▸ **Exercise directions**
Only the lines from the one containing "男子网上找小姐被骗8600元,连小姐一眼都没见到!" through the end of the data below are to be repeated, exactly as given, without pictures.

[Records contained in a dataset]
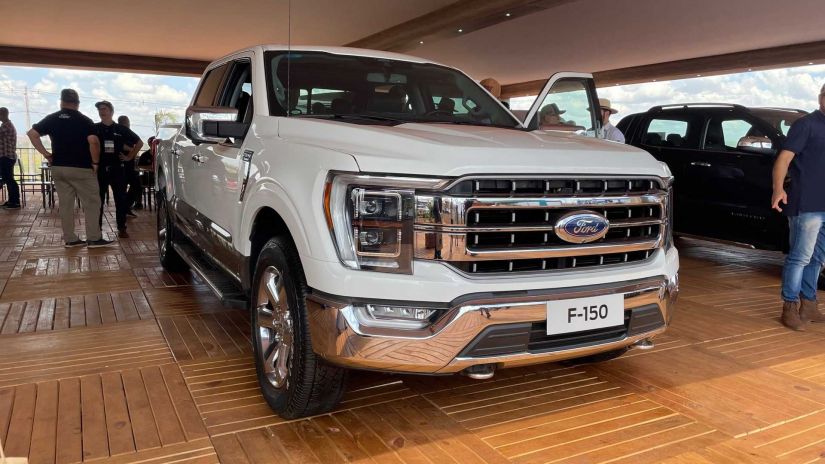 Ford F-150 é flagrada no Brasil na versão Limited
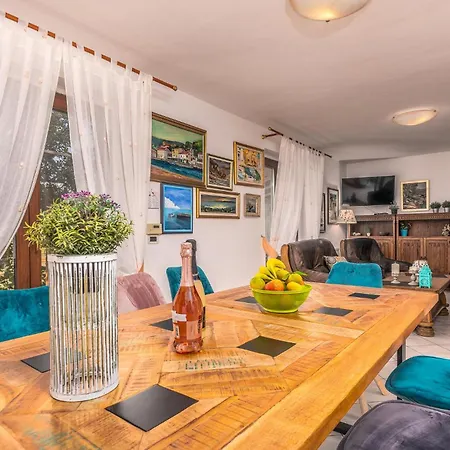 Beautiful In With 4 Bedrooms And Wifi *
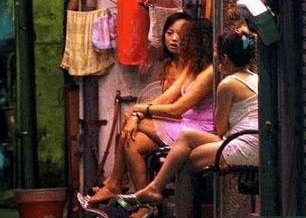 男子网上找小姐被骗8600元,连小姐一眼都没见到!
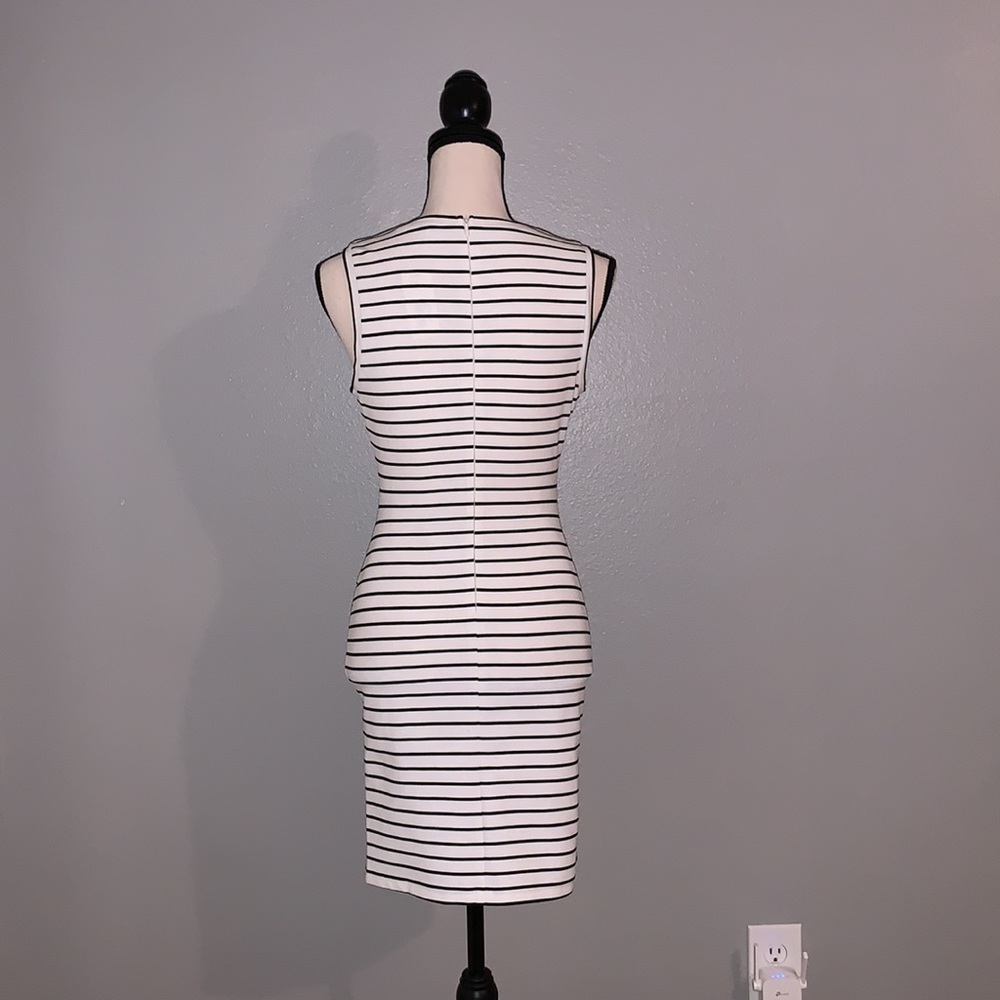 SUGAR+ LIPS  Striped Formal/Cocktail Dress. - Picture 4 of 10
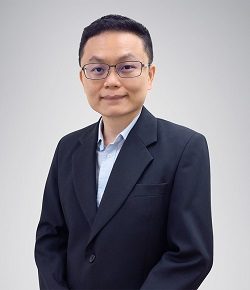Foto Dr. Andy Tang Sing Ong, dokter internis di Sunway Medical Centre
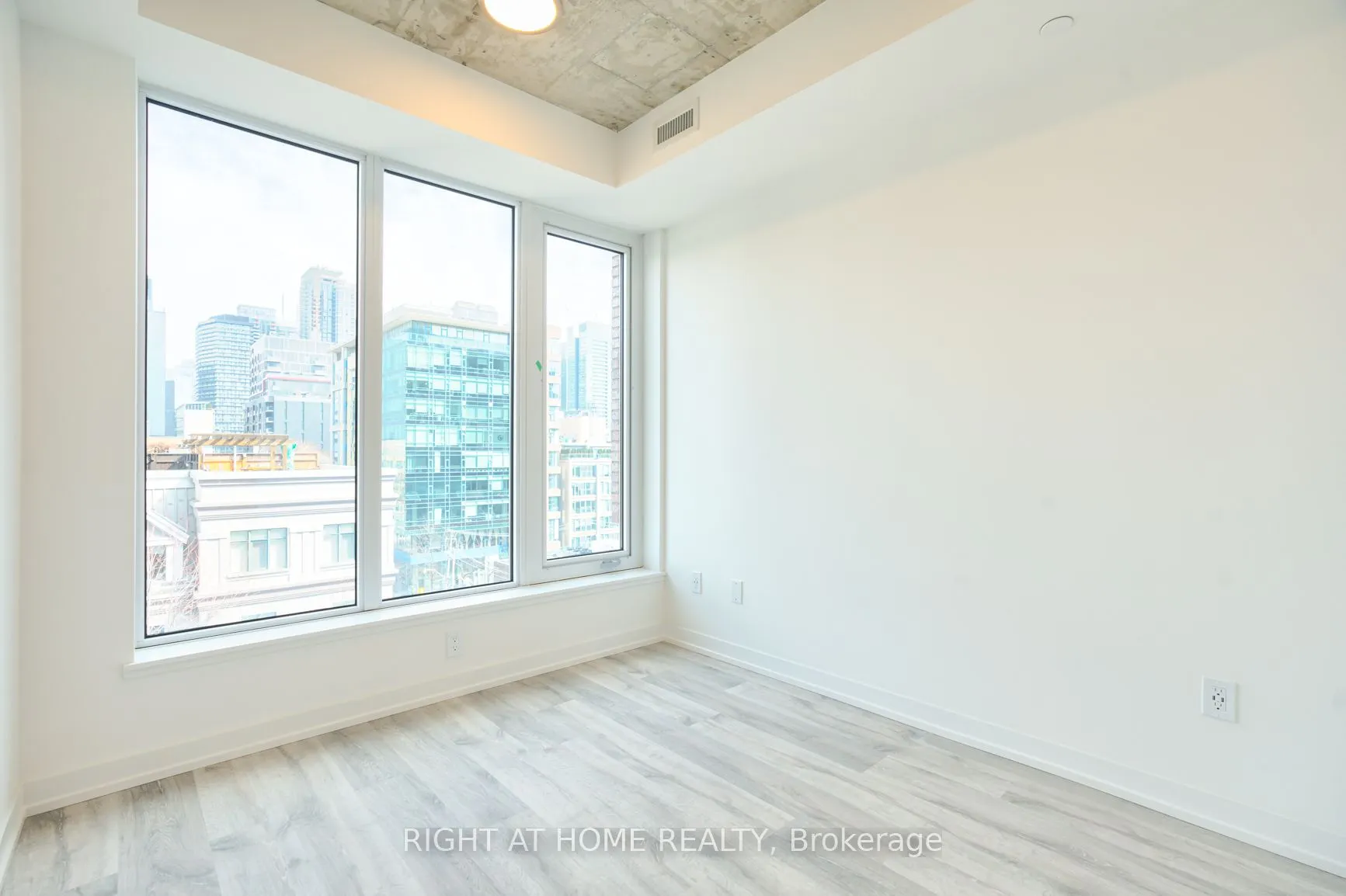 2 Augusta Avenue #704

▸ **Task answer**
 男子网上找小姐被骗8600元,连小姐一眼都没见到!
 SUGAR+ LIPS  Striped Formal/Cocktail Dress. - Picture 4 of 10
Foto Dr. Andy Tang Sing Ong, dokter internis di Sunway Medical Centre
 2 Augusta Avenue #704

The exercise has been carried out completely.